Dick Gill started the business in 1932 with a Chevy 4 Truck. His first contract was carrying meat to the West Coast. He would leave home at 2am to protect the unrefrigerated meat. He sold the meat on the way finally stopping at the Denniston Coal Mine, which he would then back load with coal.
His next Truck was a Leyland ex Shell Oil followed by purchasing a new Chevrolet from H R Dix Ltd, in each of the next 5 years. After the War the only options to were new Fords and Bedford’s, until the 1960’s when new Leyland’s from Bowater Motors in Nelson were available. The Business moved to road construction and general earthworks and later to more general carrying.
The ranges of Trucks used were from early Chevrolet, International’s, Bedford, Leyland’s, Mitsubishi and more recently Isuzu.
Dick Gill was a real character: On one occasion whilst working on a roading job one of his men did something stupid. He was fired on the spot and left on the side of the road. Two hours later he picked him up and re-employed him because he had a Wife and four children.
One of the early construction jobs was joining together of the ends of the main truck Railway from Picton to Invercargill. This was completed 29th September 1945, the official opening by Bob Semple, Minister of Works on 14th December 1945 at Kaikoura.
They also supplied trucks and the first front end loader to be used in Marlborough, forming the new river bed for Roses overflow during 1939-40 for the Wairau River Road. The Engineer was “Orm” Marshall. Most of the work was carried out by horse drawn drays and men with shovels.
In 1949 they put the road through to Molesworth, living in caravans and having a cookhouse on the back of an old truck, completing the job in June 1950.
In 1953 they had the contract along with J A Robinson Ltd and Marlborough Transport Ltd to fill in the Taylor River loop which circled the RSA Club Building which reduced the risk of flooding in the Borough.
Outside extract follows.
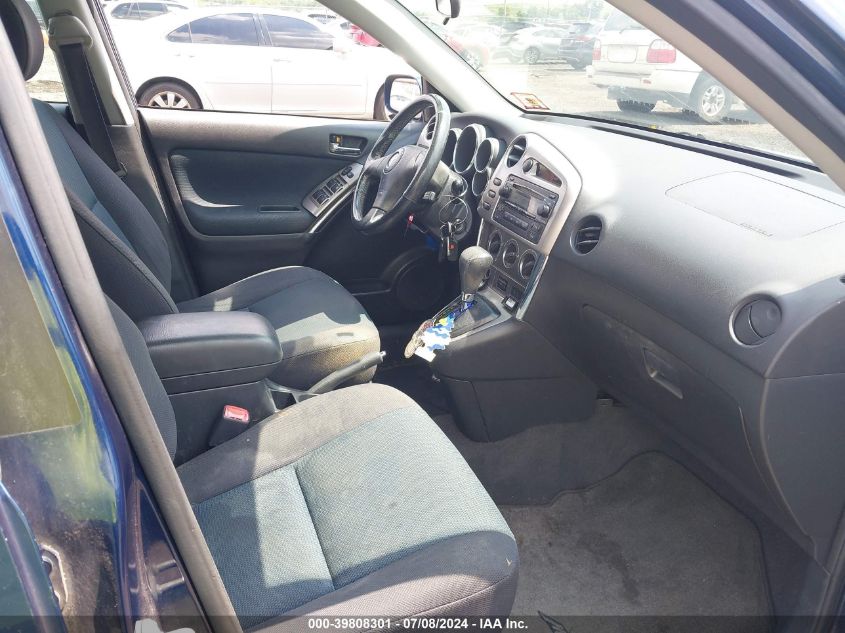 2005 Toyota Matrix Xr VIN: 2T1KR32E95C366108 Lot: 39808301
At its peak 2000 tons of fill were carted daily. Around this time, they purchased the earthmoving contractor Geoff Rouse, to gain more equipment for their road construction business.
Gills have built many roads through very difficult terrain. Some examples; Whangamonga to Oyster Bay, access to the Medway, the road through to Te Mahia and The Portage, Robin Hood Bay to Rarangi and much of Port Underwood Road. To improve the efficiency of their roading work and access to the right material they purchase a crusher which operates at Spring Creek, supplementing a portable crusher.
A challenging contract was filling the Lagoon in Picton to provide for the Ferry Terminal. They were fortunate in being able to source much of the material from a hillside close by. The remains were known locally, as the Borrow Pit. They also created the waste treatment ponds for Waitaki Freezing Works.
The Company expanded into freighting of a wide range of farm requirements and of the more general needs of the District, as the demand for new roads in the province decreased. This expansion into general carrying was achieved by purchasing or amalgamating with other local companies. In March 1972 Gill’s amalgamated with Prompt Carriers, Rex Priddle, a partner in Prompt becoming a Director of Gills. This brought in a further 6 vehicles and much sort after licenses.
A year later they purchased Awatere Transport Ltd including their depot in Seddon. This depot is still being used by Gills, with the local manager Mike Lyon, formerly with Awatere completing a further 35 years with us, and still used as a casual driver when needs arise, an impressive record.
In late 1974 Gills purchased Fisseden Transport Ltd in Kaikoura along with their depot which is operated until 2020.
One of the more public activities of the Company was the destruction of many of Blenheim’s prominent brick buildings. His Majesty’s Theatre probable being the first major job, others being the old Post Office, finishing the Town Hall after the original tenderer was bankrupted as he had no idea of the strength of the building, the Bank of New Zealand and all of the adjacent buildings up to Wynen Street, plus many others.
Shortly after the Post Office was demolished, courtesy of combined contractors effort, Bill Gill publicly stated if he could get the Council to agree he would get rid of the many concreted piles of stone known as the ‘Bolder Bank’ in Market Square. When the Council did make the decision, he kept his word and cleared them at his cost. This was a significant act of generosity as apart from breaking them up all of them had to be carted to a disposal site. One ended up at the Mayor’s house weighing at least a ton and he had rapidly find a home for it.
In later years the company has stayed with its Rural, Roading, Earthmoving and Aggregate supply with its two large crushing plants, one portable and the other fixed at our Spring Creek location supplying aggregate for roading, sealing chip and also concrete gravels for Firth Ready-mix Plant.
Our stock of vehicles is now more than 100 from Truck and Trailer units for Livestock and General Cartage to Earthmoving equipment like Diggers, Bulldozers, Loaders and a Crushing Plant as well a Portable Crusher Plant.
In 2022 the acquisition of Bryant Earthworks Ltd, whom have been around the Marlborough region since 1995, will allow for a specialised operational business in the Forestry sector which will complement the general operations for the company into the future.